O perfil de muitos personagens dialoga com o imaginário, sobretudo, de quem não mora no JK. Você não ficou receoso de reforçar estigmas – tendo em vista as transformações, o perfil dos novos moradores, o movimento de valorização da imagem do condomínio nos últimos anos?
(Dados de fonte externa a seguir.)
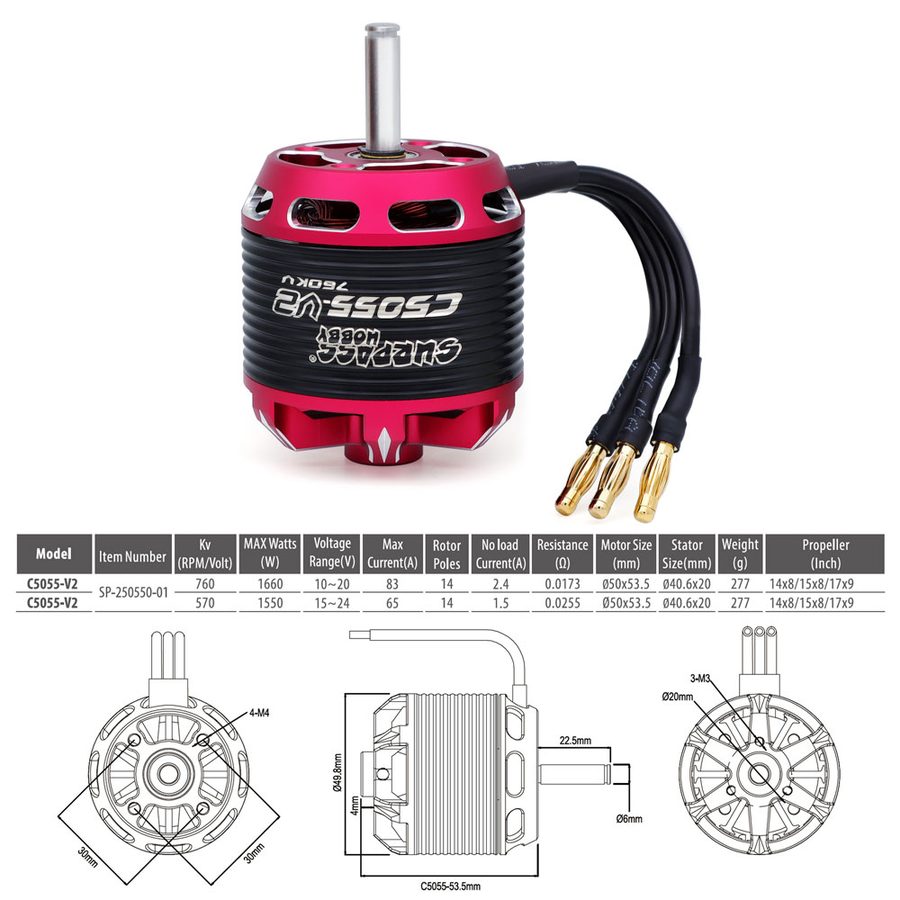 Surpass Hobby Fixed-Wing V2 C50 Series Motor ESC Combo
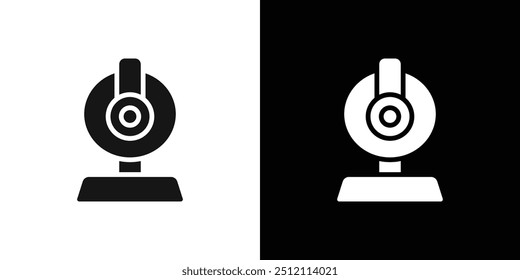 Digital Webcam icon Black line art vector logo set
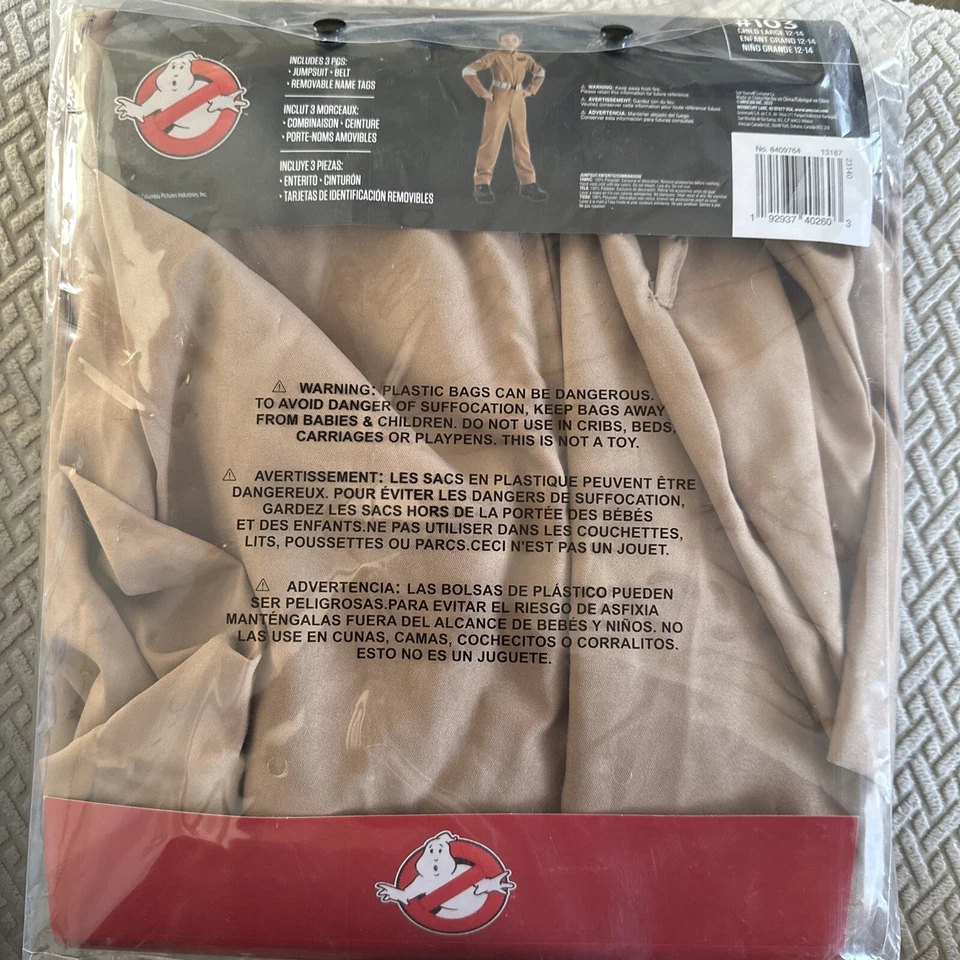 Disfraz de Halloween Cazafantasmas Traje Marrón Vestir Disfraz para Niño Grande 12-14 Foto 4 de 4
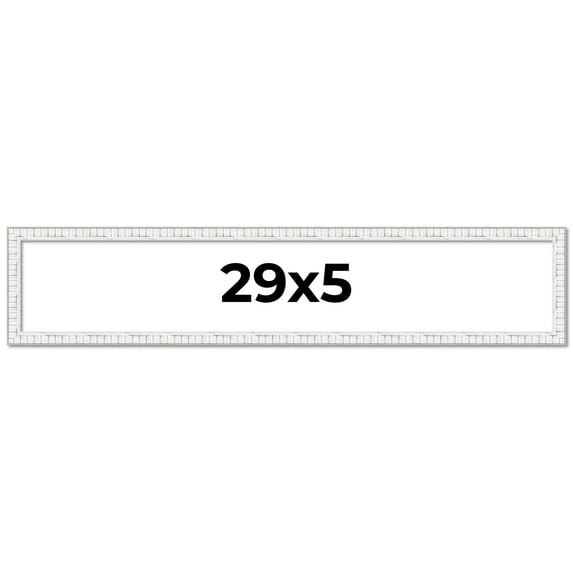29x5 Frame White Scuffed Rustic Solid Wood Picture Frame | 0.75 Inch Moulding Width| Includes UV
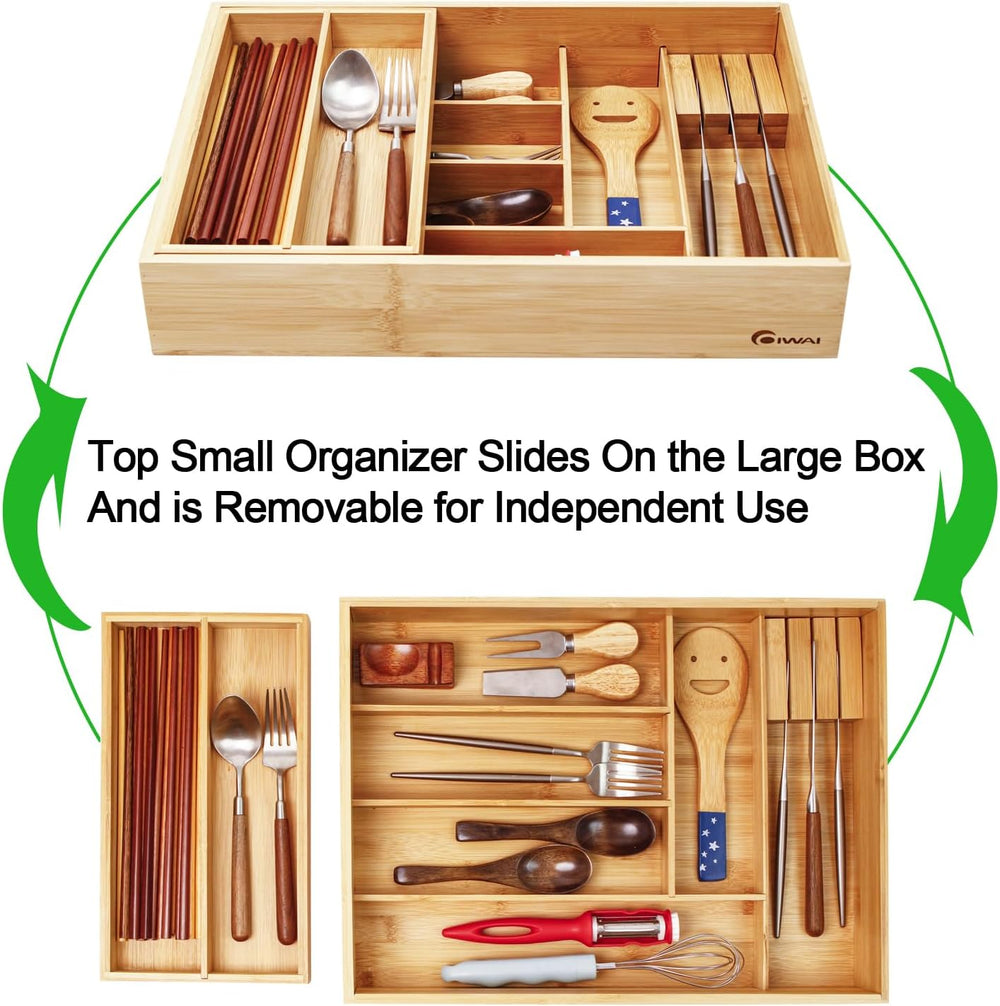 COIWAI Double Layer Bamboo Drawer Organizer Cutlery Utensil Silverware Drawer...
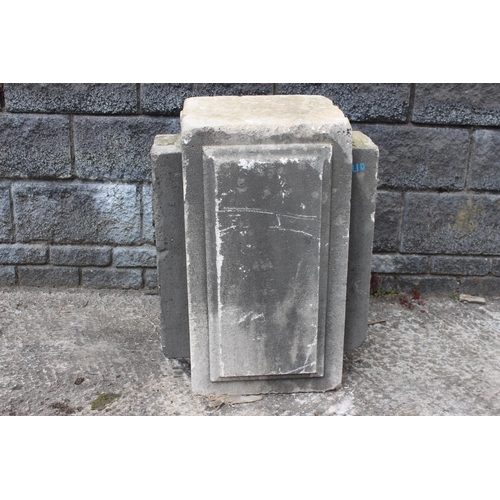 127 - 19th C. sandstone pedestal {H 74cm x W 57cm x D 44cm }.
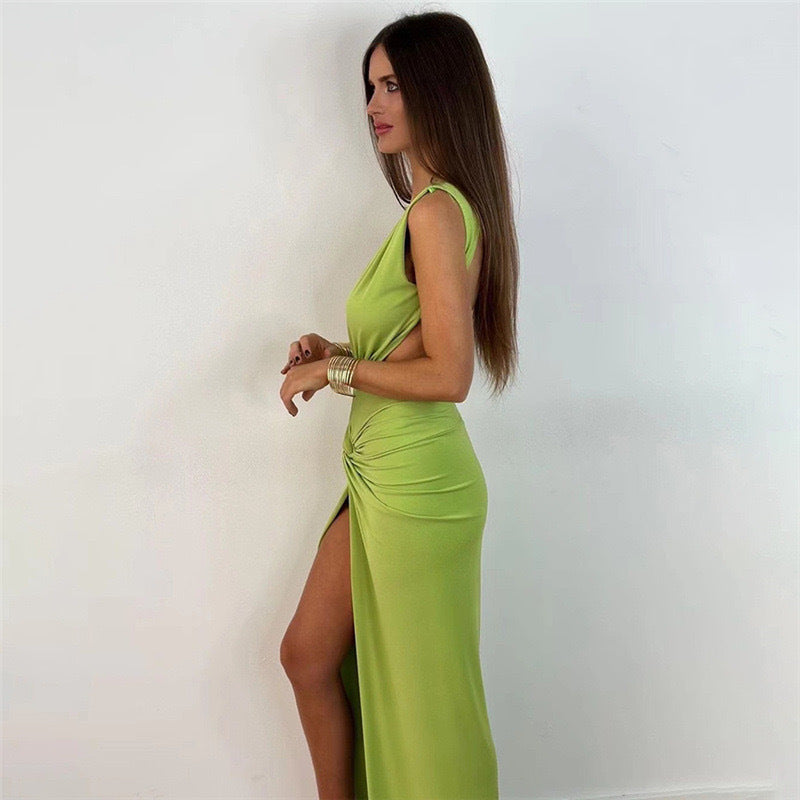 Damen Lange Maxikleid mit tiefem V-Ausschnitt und seitlicher Drapierung R&B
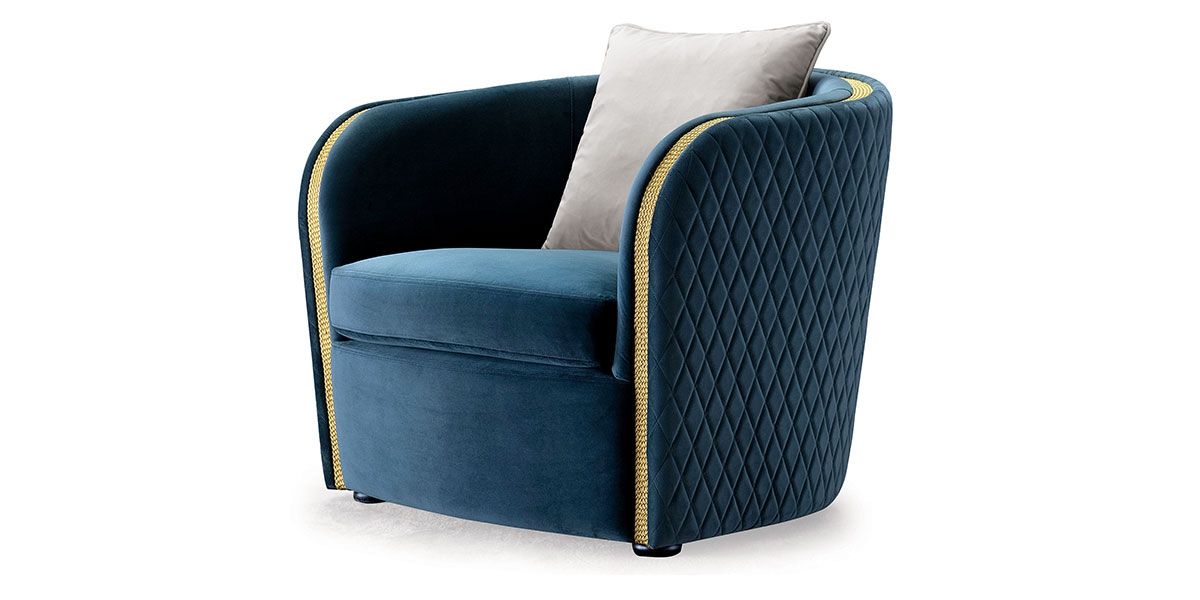 Fauteuil en velours FLORA - Vert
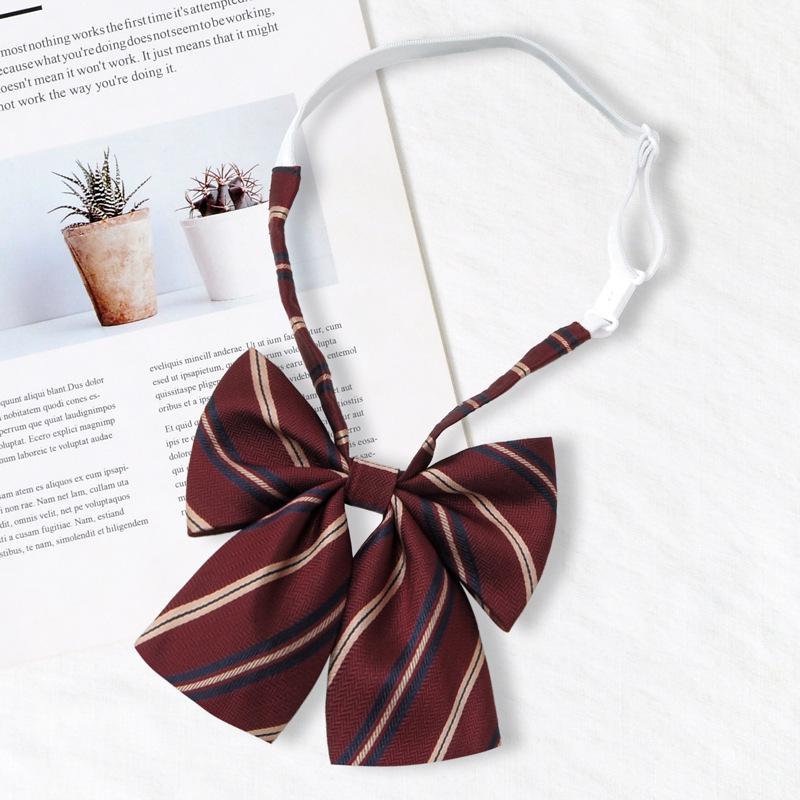 

Жіноча сорочка з червоною смужкою, що не потребує прасування, у стилі японської академії, з краваткою-метеликом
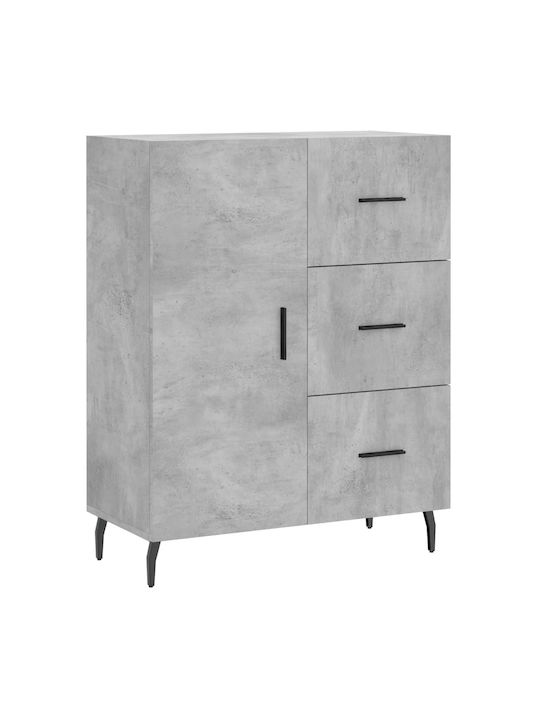 Wooden & Metallic Buffet with Drawers Gray L69.5xW34xH90cm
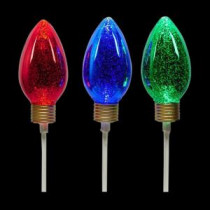 Home Accents Holiday 19 in. LED Illuminated Christmas C7 Bulb Pathway Markers (Set of 3)-6201-19247HDD 206963261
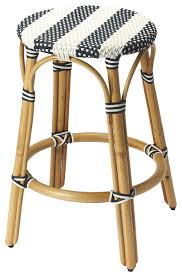 This refined, stylish piece can be found in kitchens, dining areas and covered genuine pair of bamboo rattan bar stools made in the california organic modern style by mcguire, san francisco. Butler Tobias Blue White Rattan Counter Stool Tropical Bar Stools And Counter Stools By Hedgeapple Houzz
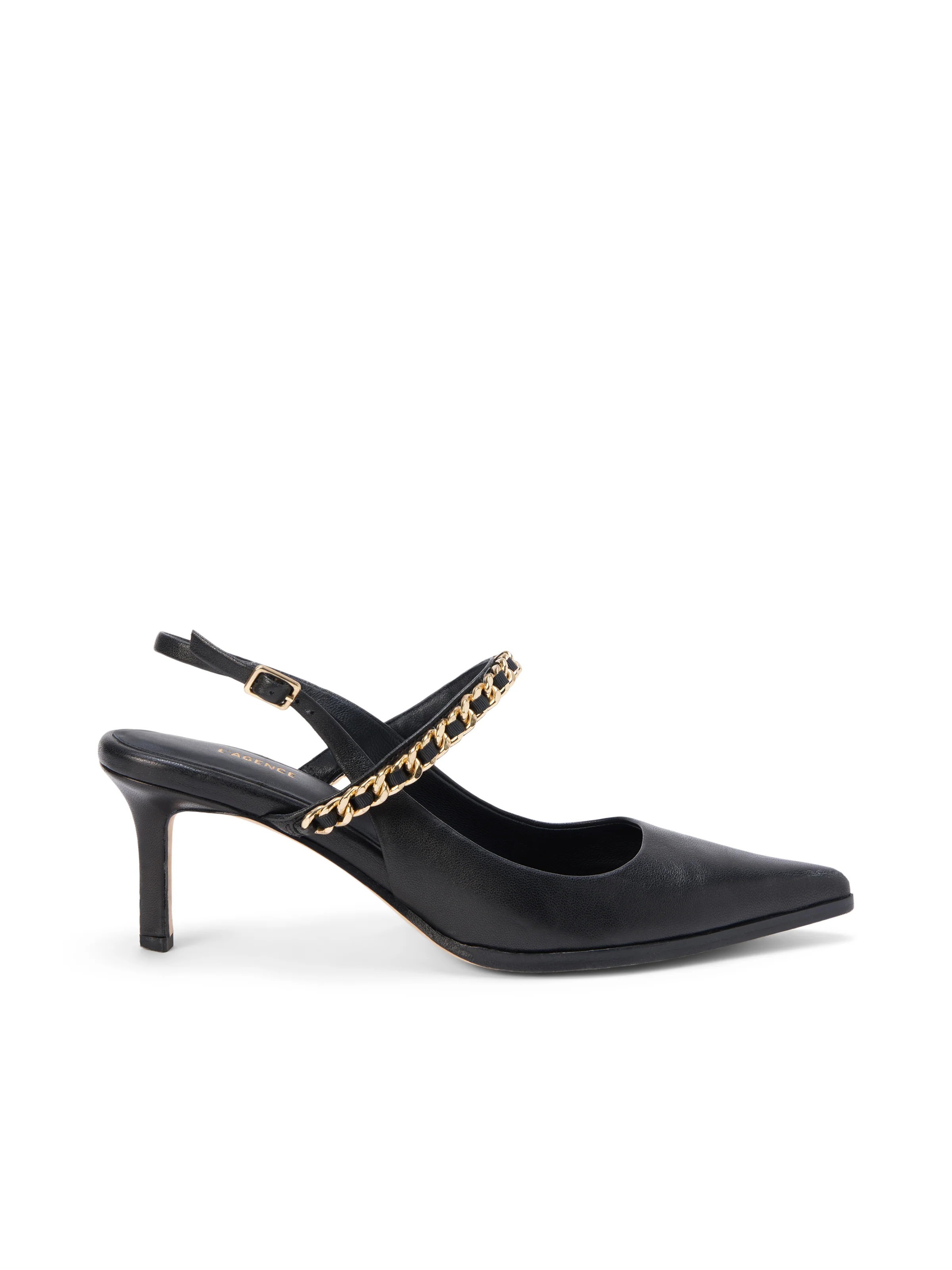 L'AGENCE - Georgine Slingback Pump in Black Leather | L'Agence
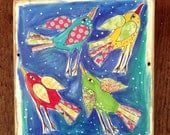 Flying Birds Modern Folk on Reclaimed Wood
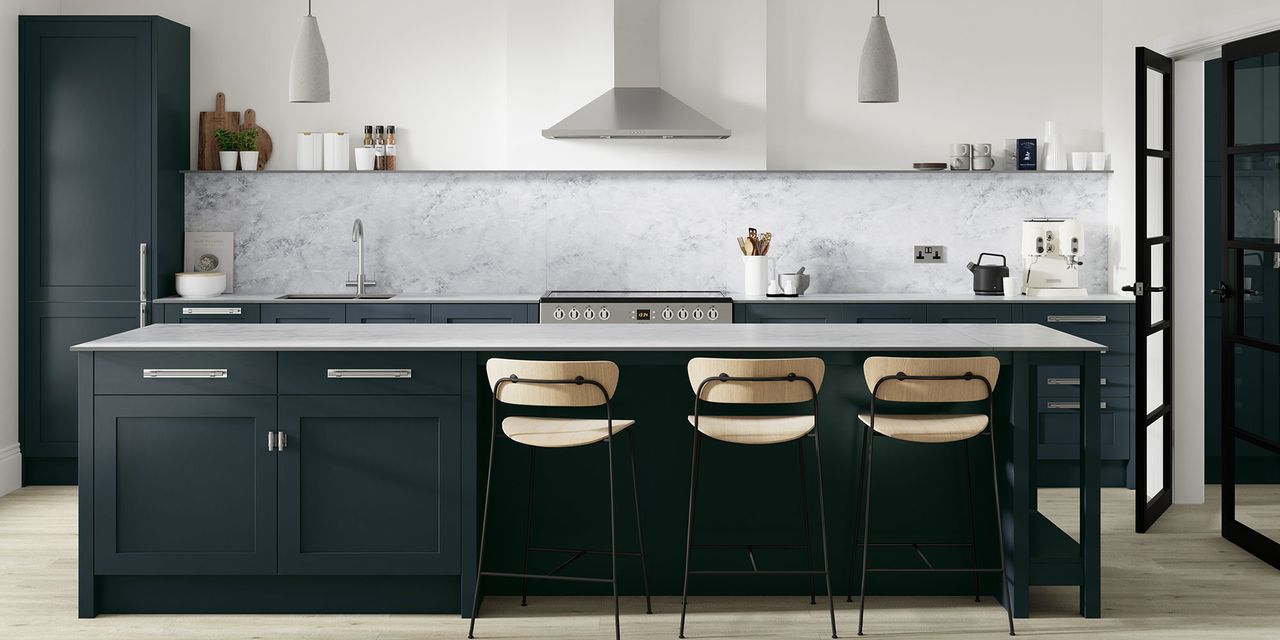 Blues and green kitchens are on-trend, fitted with islands, pantries and even desk space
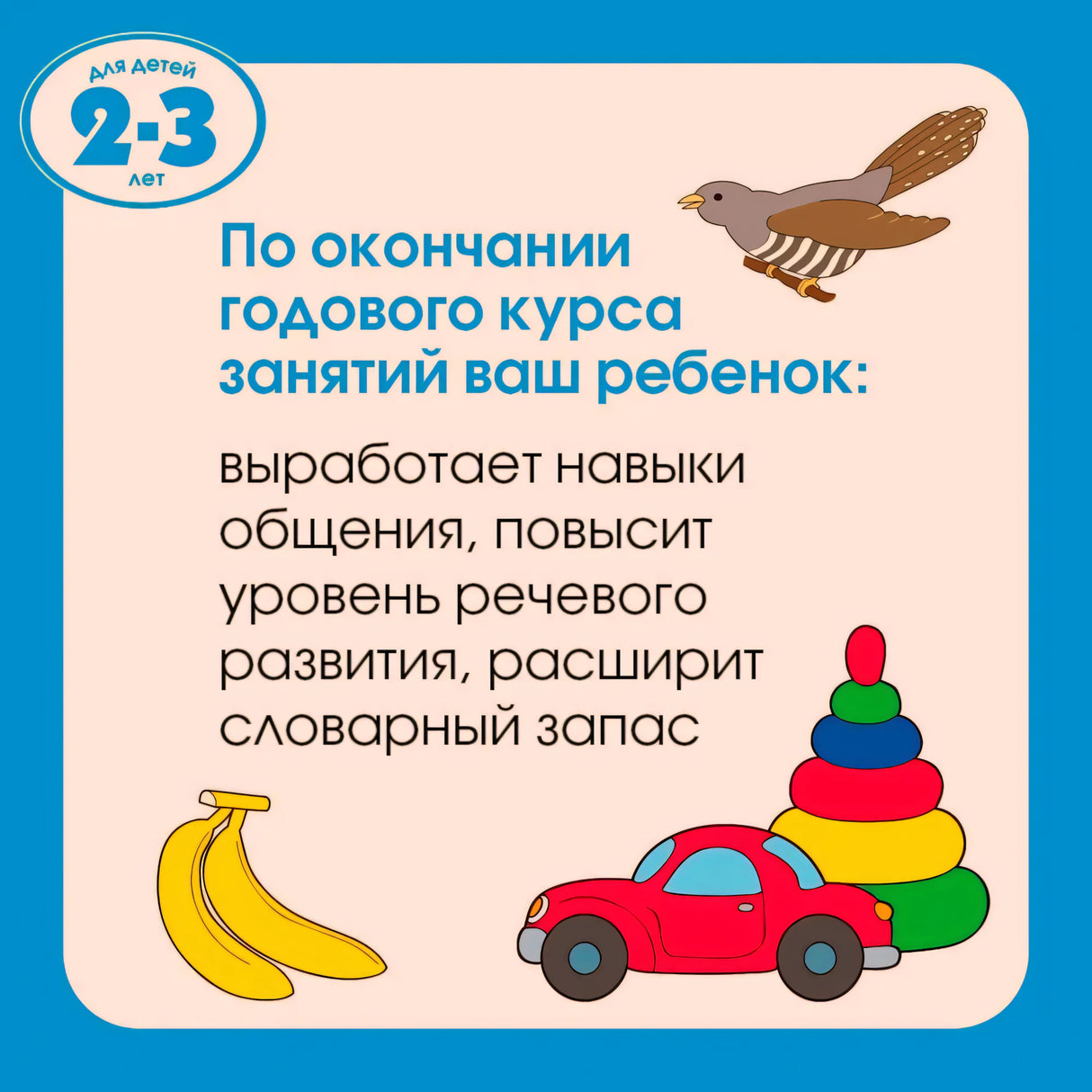 Задняя обложка с описанием курса и рисунками банана, машины и пирамидки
Receio nenhum. Um romance é uma obra de ficção ambientada em determinado lugar e em dado momento histórico. A ficção é algo subjetivo, apenas sem abrir mão da verossimilhança. Eu não quis fazer uma reportagem, como aliás o Ramon explica aos policiais que o interrogam num dos últimos capítulos do livro. Assim como eu, Ramon é um jornalista aposentado e recém-divorciado vivendo um momento de crise e de reconstrução. Ele sai em busca de pessoas nas quais possa inspirar os personagens do romance que pretende escrever. E o romance é o próprio “Condomínio Solidão”. As várias narrativas seriam os depoimentos que ele recolheu ao longo de sua pesquisa como hipotéticos moradores do Conjunto JK. O livro reflete a realidade dos nossos dias, a solidão urbana, o impacto das redes sociais em nossas vidas, etc.
Condomínio Solidão
Autor: Jorge Fernando dos Santos
Editora: Caravana Grupo Editorial
Quanto: R$ 49,90
“Aluguei um duplex mobiliado e, de quebra, ganhei um belo horizonte. Como eu já disse, moro no trigésimo andar daquela torre. Pouca gente desfruta da paisagem que eu vejo lá de cima. Já subiu lá alguma vez, doutora? Não? Pois devia. Da janela da sala eu observo quase tudo ao redor. A cidade até parece um formigueiro. Sabe aquelas formigas que fazem montículos de terra parecidos com chaminés e pequenos edifícios? Pois então! Se bem que o nosso condomínio se parece mais com uma colmeia. Uma colmeia de vidro, pra ser exato. A diferença é que não temos uma rainha. Somos abelhas desgarradas, quase todas vivendo sozinhas e sem a consciência coletiva dos insetos. Tem espírito mais urbano que esse? Dizem que é uma tendência do nosso tempo. Uma vez assisti a um documentário sobre o Edifício Copan, que fica em São Paulo, e acho que é a mesma coisa. Por coincidência, também foi projetado pelo Niemeyer. Pensando bem, talvez os avanços tecnológicos tenham aumentado a solidão das pessoas. Quanto mais tecnologia, mais nos distanciamos uns dos outros. Pelo menos é o que eu acho. Mas, como disse Noel Rosa, quem acha vive se perdendo. Muita gente passa hora teclando com amigos virtuais e nem sabe o nome dos vizinhos. Eu olho esse povo da geração “i”, com seus brinquedinhos digitais, tipo iPads, iPods e não sei mais o quê, cada um fechado em sua bolha, sem prestar atenção nos outros. Dia desses, eu vi duas moças trombarem no passeio, enquanto caminhavam com os olhos grudados nas telas dos celulares. Achei graça quando uma delas perguntou à outra por que não olhava por onde anda. Quando fui morar naquela torre, eu sabia que as coisas seriam diferentes de tudo o que eu já tinha vivido antes. Mudei de vida radicalmente, depois do divórcio. Morei por muitos anos com mulher e filha, numa casa de sete cômodos, garagem e jardim. Hoje, o meu lar se resume a um quarto e sala. Tive que simplificar as coisas. De certo modo, fiquei mais perto de mim mesmo. Abri mão da casa e do carro, que deixei com a Regina, minha ex-mulher. Na verdade, eu nunca gostei de dirigir. O prédio onde moro e a atitude dos vizinhos fazem com que eu me sinta personagem de um filme B ou de um conto do Bukowski. Já leu Bukowski? Aquele velho safado conhecia tudo da alma humana.”